- EXERCISE AIM -
Return exactly the lines from the one containing "Fuengirola firma un" through the last line of the records below, both included, and leave out any pictures.

[Opening DATA SUPPLIED section]

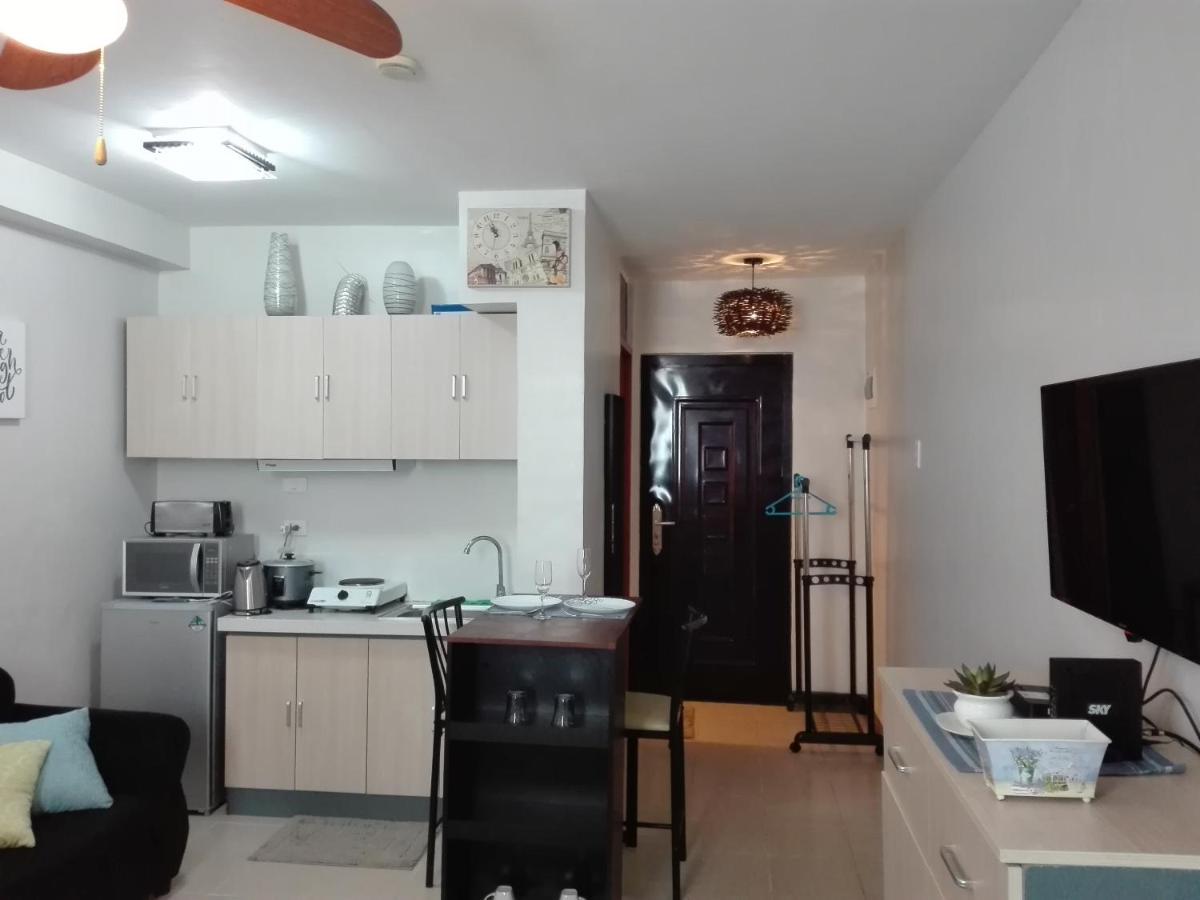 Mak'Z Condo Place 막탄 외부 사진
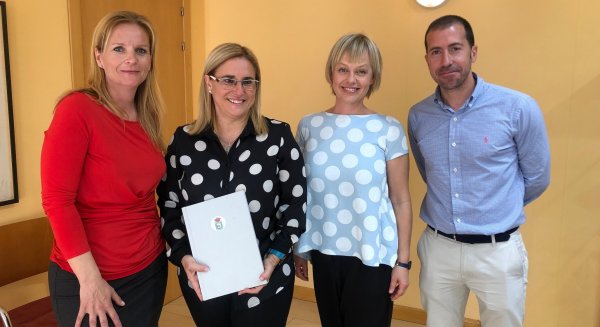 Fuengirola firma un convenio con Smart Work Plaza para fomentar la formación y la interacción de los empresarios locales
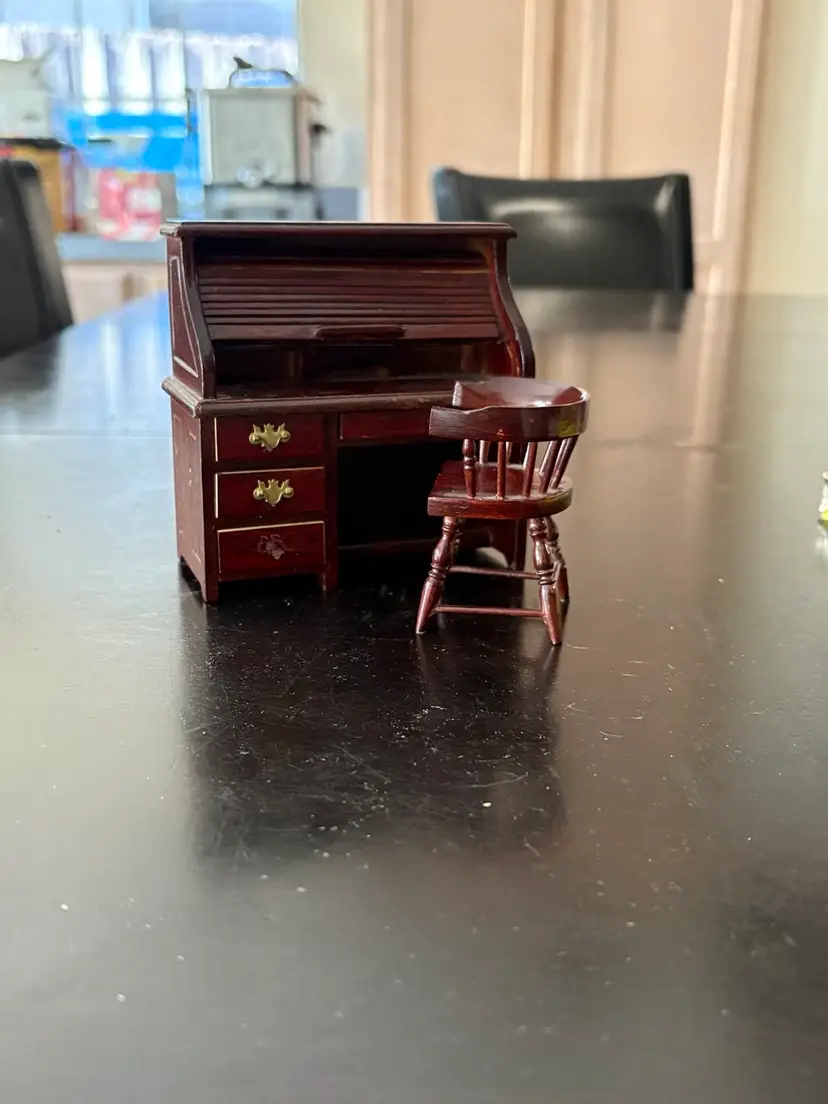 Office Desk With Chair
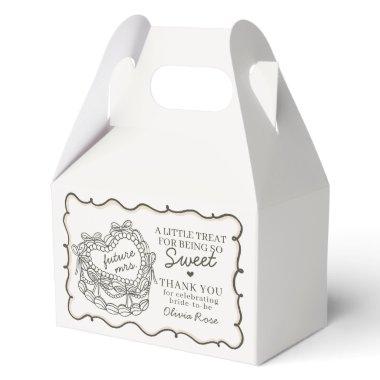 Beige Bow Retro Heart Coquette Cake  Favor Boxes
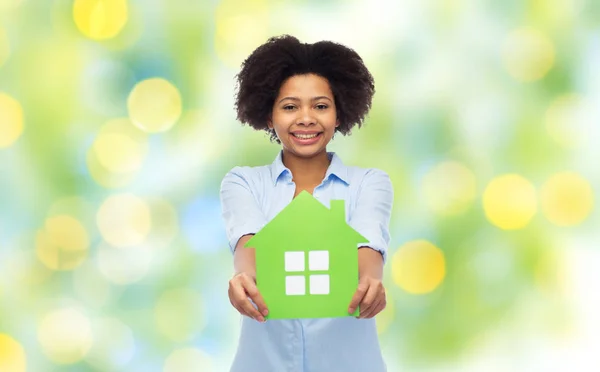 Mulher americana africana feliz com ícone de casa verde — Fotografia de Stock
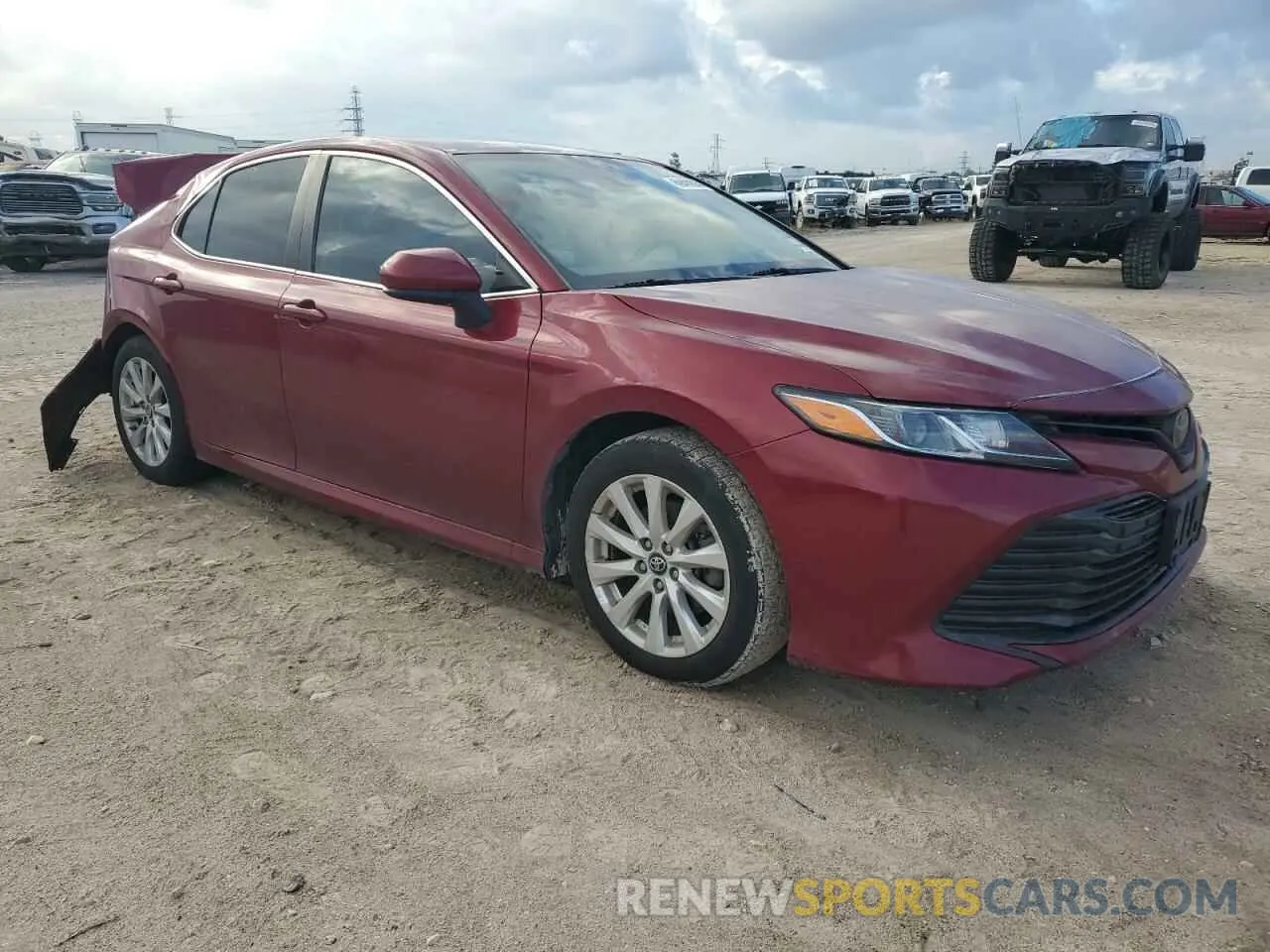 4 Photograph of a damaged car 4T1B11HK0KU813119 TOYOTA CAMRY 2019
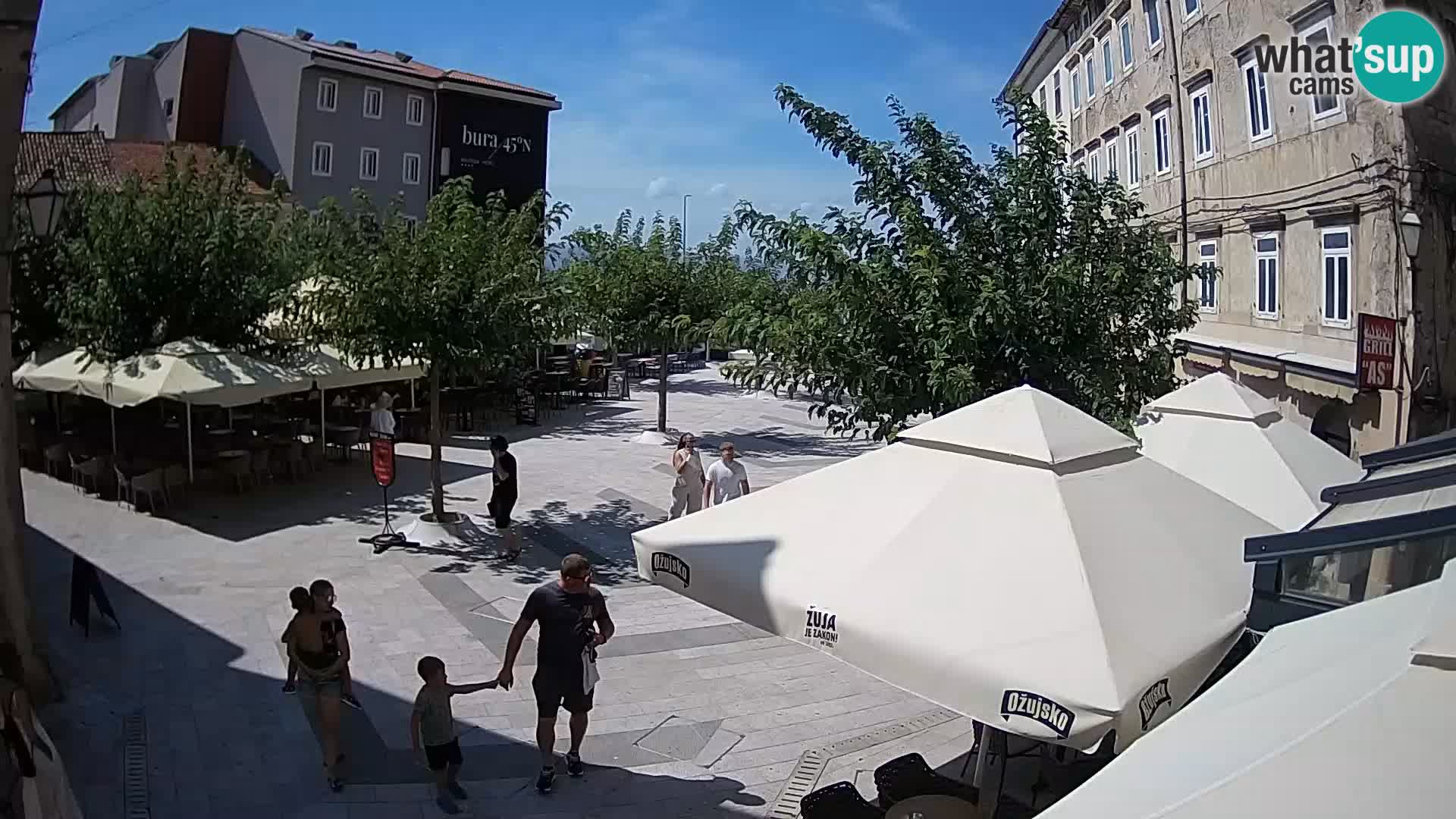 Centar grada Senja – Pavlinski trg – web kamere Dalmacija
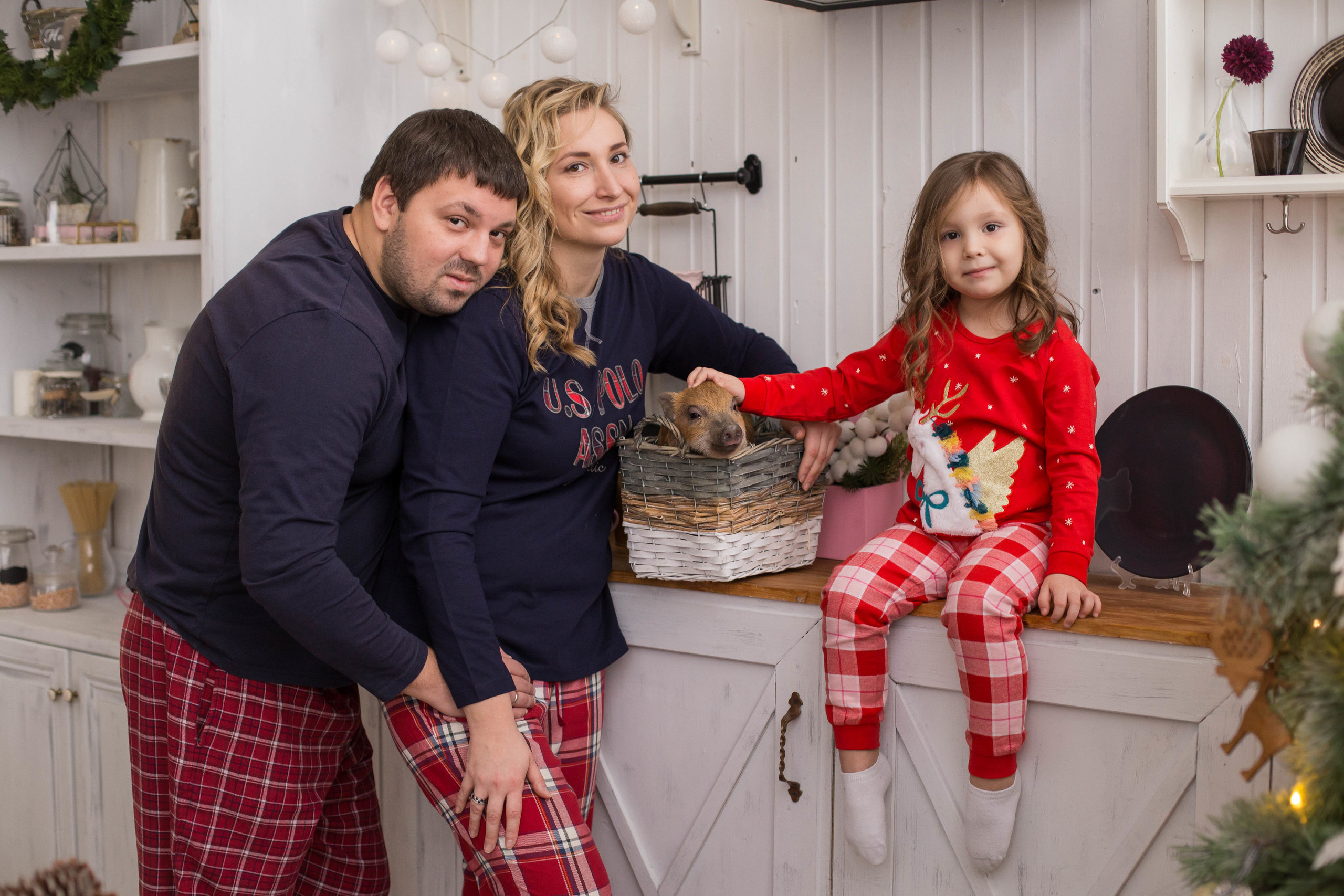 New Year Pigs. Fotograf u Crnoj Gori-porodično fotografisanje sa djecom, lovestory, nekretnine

[Closing DATA SUPPLIED section]

- RESULT OF THE EXERCISE -
 Fuengirola firma un convenio con Smart Work Plaza para fomentar la formación y la interacción de los empresarios locales
 Office Desk With Chair
 Beige Bow Retro Heart Coquette Cake  Favor Boxes
 Mulher americana africana feliz com ícone de casa verde — Fotografia de Stock
 4 Photograph of a damaged car 4T1B11HK0KU813119 TOYOTA CAMRY 2019
 Centar grada Senja – Pavlinski trg – web kamere Dalmacija
 New Year Pigs. Fotograf u Crnoj Gori-porodično fotografisanje sa djecom, lovestory, nekretnine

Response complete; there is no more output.